We select, read, and view and image to transform.

A = imread('football.jpg'); h1 = figure; imshow(A); title('Original Image');

We choose a shade of orange as our fill value.

orange = [255 127 0]';

We are ready to use `T` to transform `A`. We could call `imtransform` as follows:

`B = imtransform(A,T,'cubic','FillValues',orange);`

but this is wasteful since we would apply cubic interpolation along both columns and rows. (With our pure shear transform, we really only need to interpolate along each row.) Instead, we create and use a resampler that applies cubic interpolation along the rows but simply uses nearest neighbor interpolation along the columns, then call `imtransform` and display the result.

R = makeresampler({'cubic','nearest'},'fill'); B = imtransform(A,T,R,'FillValues',orange); h2 = figure; imshow(B); title('Sheared Image');

**Step 2: Explore the Transformation**

Transforming a grid of straight lines or an array of circles with `tformfwd` is a good way to understand a transformation (as long as it has both forward and inverse functions).

Define a grid of lines covering the original image, and display it over the image Then use `tformfwd` to apply the pure shear to each line in the grid, and display the result over the sheared image.

[U,V] = meshgrid(0:64:320,0:64:256); [X,Y] = tformfwd(T,U,V); gray = 0.65 * [1 1 1]; figure(h1); hold on; line(U, V, 'Color',gray); line(U',V','Color',gray); figure(h2); hold on; line(X, Y, 'Color',gray); line(X',Y','Color',gray);

You can do the same thing with an array of circles.
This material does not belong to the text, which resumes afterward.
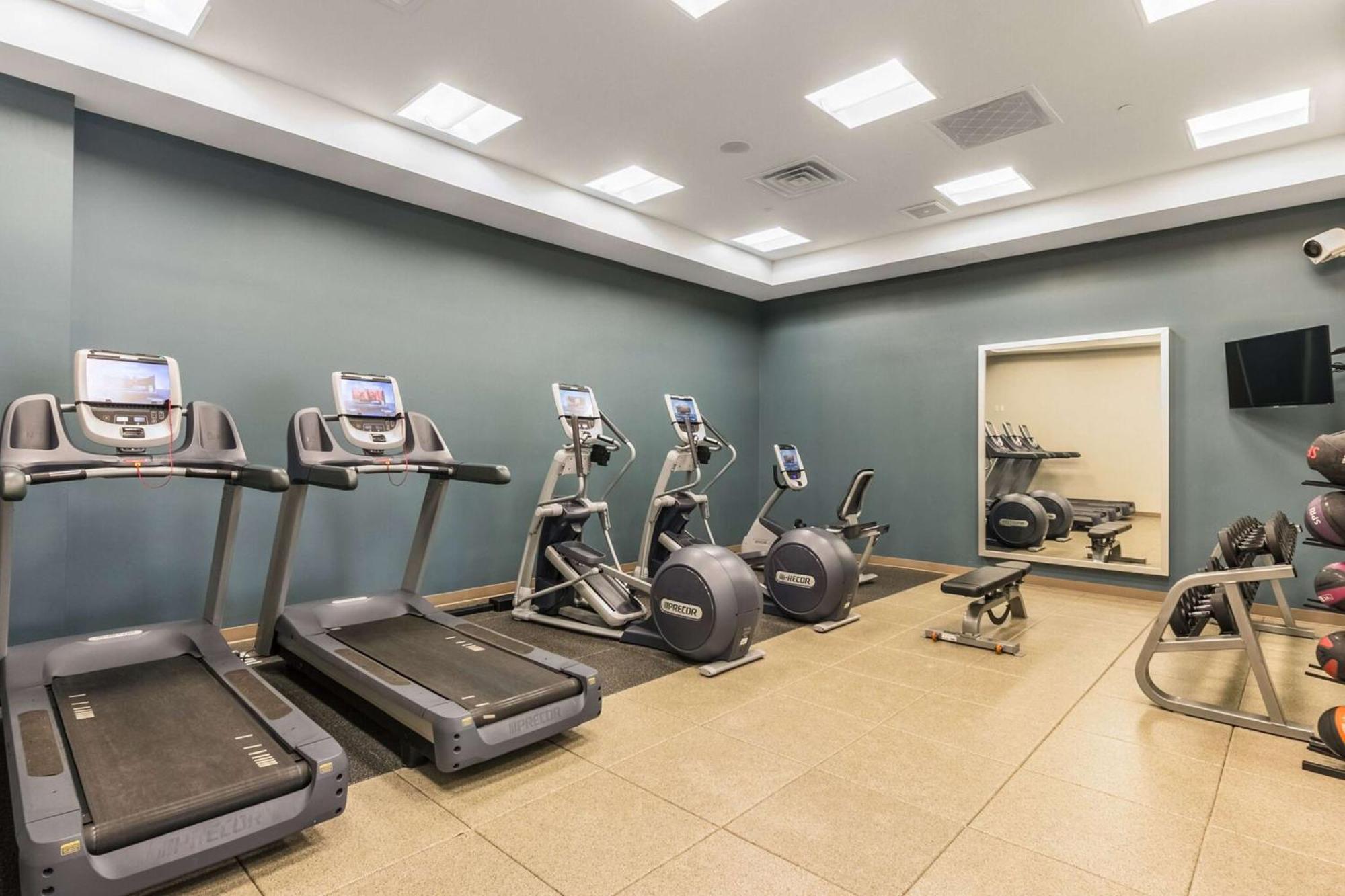 Embassy Suites By Hilton Newark Airport Elizabeth Zewnętrze zdjęcie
gray = 0.65 * [1 1 1]; for u = 0:64:320 for v = 0:64:256 theta = (0 : 32)' * (2 * pi / 32); uc = u + 20*cos(theta); vc = v + 20*sin(theta); [xc,yc] = tformfwd(T,uc,vc); figure(h1); line(uc,vc,'Color',gray); figure(h2); line(xc,yc,'Color',gray); end end

**Step 3: Compare the 'fill', 'replicate', and 'bound' Pad Methods**

When we applied the shear transformation, `imtransform` filled in the orange triangles to the left and right, where there was no data. That's because we specified a pad method of `'fill'` when calling `makeresampler`. There are a total of five different pad method choices (`'fill'`, `'replicate'`, `'bound'`, `'circular'`, and `'symmetric'`). Here we compare the first three.
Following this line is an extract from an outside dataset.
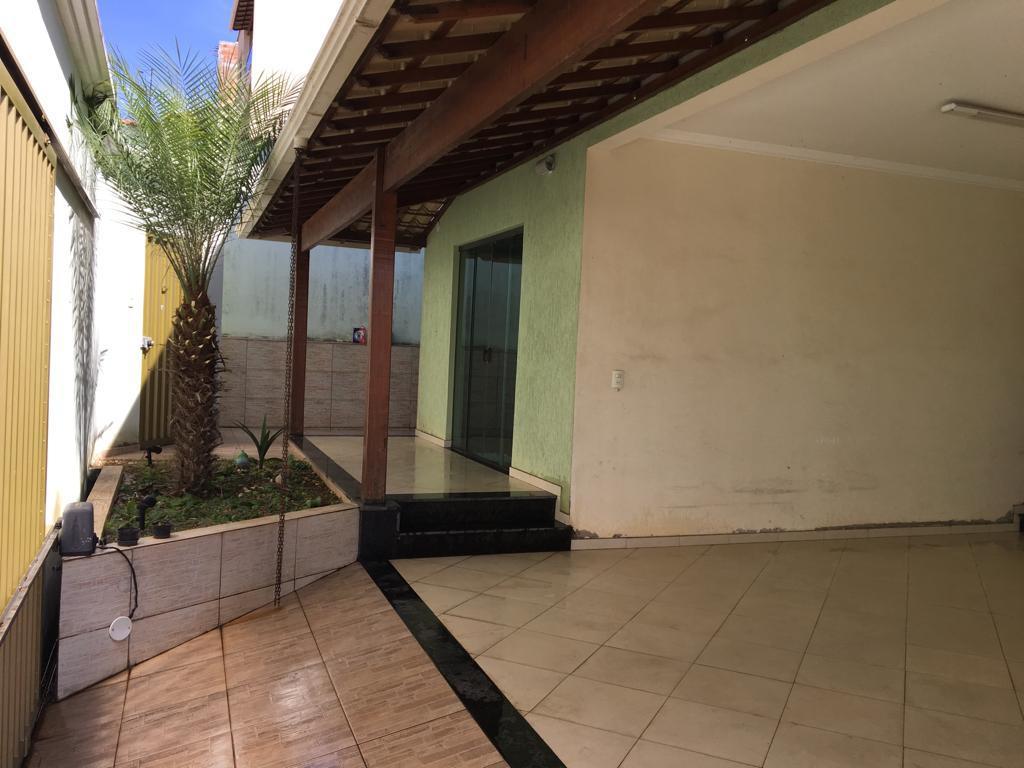 Casa à venda com 4 quartos, 274m² - Foto 2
First, to get a better look at how the `'fill'` option worked, use the `'XData'` and `'YData'` options in `imtransform` to force some additional space around the output image.

R = makeresampler({'cubic','nearest'},'fill'); Bf = imtransform(A,T,R,'XData',[-49 500],'YData',[-49 400],... 'FillValues',orange); figure, imshow(Bf); title('Pad Method = ''fill''');

Now, try the `'replicate'` method (no need to specify fill values in this case).
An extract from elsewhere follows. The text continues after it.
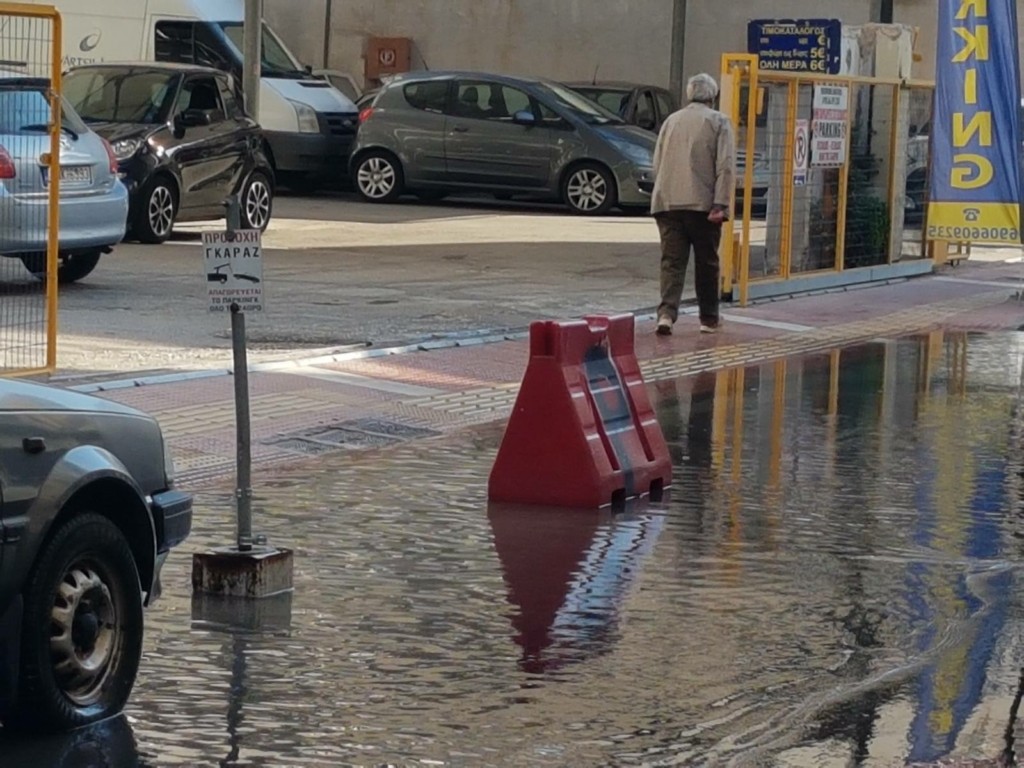 Είδε την “άλλη πλευρά” της πλημμύρας στον Πειραιά – Φόρεσε τα βατραχοπέδιλα του και πήγε για βουτιές(vid)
R = makeresampler({'cubic','nearest'},'replicate'); Br = imtransform(A,T,R,'XData',[-49 500],'YData', [-49 400]); figure, imshow(Br); title('Pad Method = ''replicate''');

And try the `'bound'` method.

R = makeresampler({'cubic','nearest'}, 'bound'); Bb = imtransform(A,T,R,'XData',[-49 500],'YData',[-49 400],... 'FillValues',orange); figure, imshow(Bb); title('Pad Method = ''bound''');

Results with `'fill'` and `'bound'` look very similar, but look closely and you'll see that the edges are smoother with `'fill'`. That's because the input image is padded with the fill values, then the cubic interpolation is applied across the edge, mixing fill and image values. In contrast, `'bound'` recognizes a strict boundary between the inside and outside of the input image. Points falling outside are filled. Points falling inside are interpolated, using replication when they're near the edge. A close up look helps show this more clearly. We choose `XData` and `YData` to bracket a point near the lower right corner of the image, in the output image space, the resize with `'nearest'` to preserve the appearance of the individual pixels.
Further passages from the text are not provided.